I didn’t at the moment, but I could sure as hell make some.
I forced myself to walk instead of run back to the safety of my house. Merlin followed, grumbling his own opinion behind me.
Wade was a no vote. I hadn’t seen that coming.
I scratched Merlin’s head. “Well, since I’m officially a mic-dropping badass now, I guess I’ll have to find a way to work around him.”
8
WADE
It was a few hours before sunset, but the skies had darkened enough that August had thoughtfully turned on her back porch light for me, guiding my way across the water-logged courtyard toward the apartment door. I managed to unlock it one-handed, two bags of ice balanced on my other arm. The rain had been steady for hours, but it looked like the brunt of it had finally arrived. Hurricane Pain-In-My-Ass.

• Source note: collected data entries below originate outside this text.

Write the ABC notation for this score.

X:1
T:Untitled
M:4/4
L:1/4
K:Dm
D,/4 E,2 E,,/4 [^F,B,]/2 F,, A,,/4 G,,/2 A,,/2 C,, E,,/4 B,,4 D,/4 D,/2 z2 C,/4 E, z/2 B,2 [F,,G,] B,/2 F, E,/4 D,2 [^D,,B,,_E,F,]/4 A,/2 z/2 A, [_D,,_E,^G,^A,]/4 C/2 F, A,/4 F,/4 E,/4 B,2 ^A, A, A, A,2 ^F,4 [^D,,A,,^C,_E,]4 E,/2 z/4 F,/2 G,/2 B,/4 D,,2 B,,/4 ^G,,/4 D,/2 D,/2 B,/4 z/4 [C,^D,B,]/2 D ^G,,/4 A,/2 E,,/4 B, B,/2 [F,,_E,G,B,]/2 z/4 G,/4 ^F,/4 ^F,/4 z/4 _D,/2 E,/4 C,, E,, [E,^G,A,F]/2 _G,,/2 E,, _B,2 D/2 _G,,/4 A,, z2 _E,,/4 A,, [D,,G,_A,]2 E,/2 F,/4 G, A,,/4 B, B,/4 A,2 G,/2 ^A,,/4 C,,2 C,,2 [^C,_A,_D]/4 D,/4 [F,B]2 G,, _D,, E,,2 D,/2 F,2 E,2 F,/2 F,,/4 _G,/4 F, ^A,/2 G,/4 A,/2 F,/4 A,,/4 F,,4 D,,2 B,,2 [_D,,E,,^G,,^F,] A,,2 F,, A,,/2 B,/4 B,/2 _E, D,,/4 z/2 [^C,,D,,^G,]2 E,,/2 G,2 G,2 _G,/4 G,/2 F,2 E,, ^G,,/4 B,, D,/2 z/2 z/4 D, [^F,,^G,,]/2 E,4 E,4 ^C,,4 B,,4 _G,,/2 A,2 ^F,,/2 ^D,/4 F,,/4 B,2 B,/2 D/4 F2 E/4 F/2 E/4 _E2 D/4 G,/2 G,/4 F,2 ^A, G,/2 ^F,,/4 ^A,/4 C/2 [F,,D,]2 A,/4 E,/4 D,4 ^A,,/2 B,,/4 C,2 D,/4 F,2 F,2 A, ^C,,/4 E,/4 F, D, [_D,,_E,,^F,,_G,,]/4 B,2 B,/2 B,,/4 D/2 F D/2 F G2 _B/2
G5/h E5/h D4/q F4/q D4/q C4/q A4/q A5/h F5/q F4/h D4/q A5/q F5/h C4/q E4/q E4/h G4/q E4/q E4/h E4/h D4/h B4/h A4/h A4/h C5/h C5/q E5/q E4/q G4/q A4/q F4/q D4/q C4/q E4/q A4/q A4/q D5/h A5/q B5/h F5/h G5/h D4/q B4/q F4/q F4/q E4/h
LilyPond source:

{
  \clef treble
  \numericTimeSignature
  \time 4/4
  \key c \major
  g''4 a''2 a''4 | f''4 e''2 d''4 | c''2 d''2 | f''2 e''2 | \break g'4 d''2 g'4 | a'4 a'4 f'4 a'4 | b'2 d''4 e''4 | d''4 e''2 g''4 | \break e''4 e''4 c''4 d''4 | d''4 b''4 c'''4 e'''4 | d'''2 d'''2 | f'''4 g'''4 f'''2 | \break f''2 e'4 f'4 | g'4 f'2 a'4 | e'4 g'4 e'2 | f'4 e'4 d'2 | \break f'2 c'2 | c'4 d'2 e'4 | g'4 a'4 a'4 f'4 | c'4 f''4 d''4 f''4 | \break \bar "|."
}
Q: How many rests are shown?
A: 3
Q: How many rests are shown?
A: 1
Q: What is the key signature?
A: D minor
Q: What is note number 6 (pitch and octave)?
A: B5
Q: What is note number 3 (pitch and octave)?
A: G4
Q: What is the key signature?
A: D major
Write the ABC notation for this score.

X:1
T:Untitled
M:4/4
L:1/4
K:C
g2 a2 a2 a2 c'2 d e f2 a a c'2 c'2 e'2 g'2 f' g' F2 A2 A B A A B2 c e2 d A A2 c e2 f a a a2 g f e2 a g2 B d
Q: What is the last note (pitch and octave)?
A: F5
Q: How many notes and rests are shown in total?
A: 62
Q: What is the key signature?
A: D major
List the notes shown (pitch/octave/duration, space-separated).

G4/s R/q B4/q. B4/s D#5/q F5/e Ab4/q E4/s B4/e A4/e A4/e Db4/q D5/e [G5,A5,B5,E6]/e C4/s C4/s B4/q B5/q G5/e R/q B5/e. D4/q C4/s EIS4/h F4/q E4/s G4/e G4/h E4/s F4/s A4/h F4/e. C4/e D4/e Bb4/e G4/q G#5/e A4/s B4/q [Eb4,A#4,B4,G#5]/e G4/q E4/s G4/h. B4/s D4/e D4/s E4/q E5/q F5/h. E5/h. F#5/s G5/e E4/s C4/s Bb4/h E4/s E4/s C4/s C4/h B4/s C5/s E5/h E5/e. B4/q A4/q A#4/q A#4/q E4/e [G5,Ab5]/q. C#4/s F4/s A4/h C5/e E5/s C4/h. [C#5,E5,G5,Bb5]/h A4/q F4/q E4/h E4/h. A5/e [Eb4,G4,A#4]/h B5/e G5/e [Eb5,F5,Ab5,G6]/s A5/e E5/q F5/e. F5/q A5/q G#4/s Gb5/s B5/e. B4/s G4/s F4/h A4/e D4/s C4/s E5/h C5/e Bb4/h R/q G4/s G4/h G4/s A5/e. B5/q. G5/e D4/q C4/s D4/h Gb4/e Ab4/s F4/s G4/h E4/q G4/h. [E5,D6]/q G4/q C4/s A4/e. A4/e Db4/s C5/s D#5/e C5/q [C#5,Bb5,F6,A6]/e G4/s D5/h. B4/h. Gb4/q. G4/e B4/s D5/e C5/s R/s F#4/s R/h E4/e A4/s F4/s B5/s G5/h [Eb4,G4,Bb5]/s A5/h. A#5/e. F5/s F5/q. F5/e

I knew the drill. If weather was coming, it was best to be prepared for anything. Tornados. Power outages. Flooding. We had it all on tap here. We also had a population with memories like goldfish, since most of them forgot the basics and panicked as soon as anything bigger than an afternoon thunderstorm rolled in. I’d seen them at the store, emptying shelves of bread and toilet paper while ignoring the real staples like ice, water and batteries.
Ice was at the top of the necessity list, because if the power went out, you didn’t want your food to spoil. And rain was no guarantee that things would cool down, though I could wish it was. This month had already been like a fever that refused to break.
Like her namesake, August Retta wasn’t breaking either. She hadn’t answered a single text from me all day.
You could knock on her door.
Not after the way we left things yesterday.
Inside, I stepped on the tiny square of a welcome mat that had obviously been made for a doll’s house and toed off my work boots. Since I moved in, I’d been careful about washing up before I left the garage, but I still went out of my way to keep this place as clean as I could. Lease or no, I couldn’t help feeling like a stranger in a strange land. Bernie and Phoebe’s house had never been this…feminine.